I really appreciate the help.
Soluzione
If you are certain the xy data describe a straight line, you'd do the following.
Finding the best fitting straight line equals solving the over-determined linear system Ax = b in a least-squares sense, where
xy = [
308 522
307 523
307 523
307 523
307 523
307 523
306 523];
x_vals = xy(:,1);
y_vals = xy(:,2);
A = [x_vals ones(size(x_vals))];
b = y_vals;
This can be done in Matlab like so:
sol = A\b;
m = sol(1);
c = sol(2);
What we've done now is find the values for m and c so that the line described by the equation y = mx+c best-fits the data you've given. This best-fit line is not perfect, so it has errors w.r.t. the y-data:
errs = (m*x_vals + c) - y_vals;
The standard deviation of these errors can be computed like so:
>> std(errs)
ans =
0.2440
If you want to use the perpendicular distance to the line (Euclidian distance), you'll have to include a geometric factor:
errs = (m*x_vals + c) - y;
errs_perpendicular = errs * cos(atan(m));
Using trig identities this can be reworked to
errs_perpendicular = errs * 1/sqrt(1+m*m);
and of course,
>> std(errs_perpendicular)
ans =
0.2182
If you are not certain that a straight line fits through the data and/or your xy data essentially describe a point cloud around some common centre, you'd do the following.

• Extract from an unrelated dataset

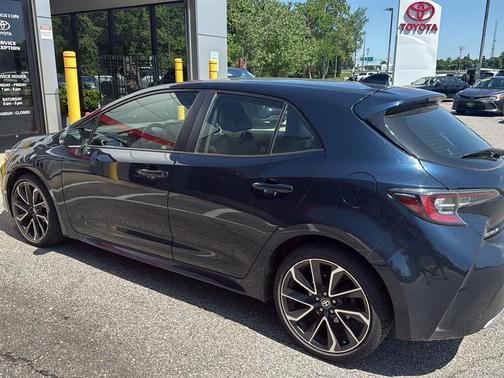 Galactic Aqua Mica 2021 Toyota Corolla XSE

Find the center of mass (COM):
COM = mean(xy);
the distances of all points to the COM:
dists = sqrt(sum(bsxfun(@minus, COM, xy).^2,2));
and the standard deviation thereof:
>> std(dists)
ans =
0.5059
Altri suggerimenti
The mean of a set of two-dimensional values is another two-dimensional value, i.e. it's a point, not a line. This point is also known as the centre of mass, I believe.
It's not entirely clear what standard deviation is in this case, but I think it would make sense to define it in terms of distance from the mean.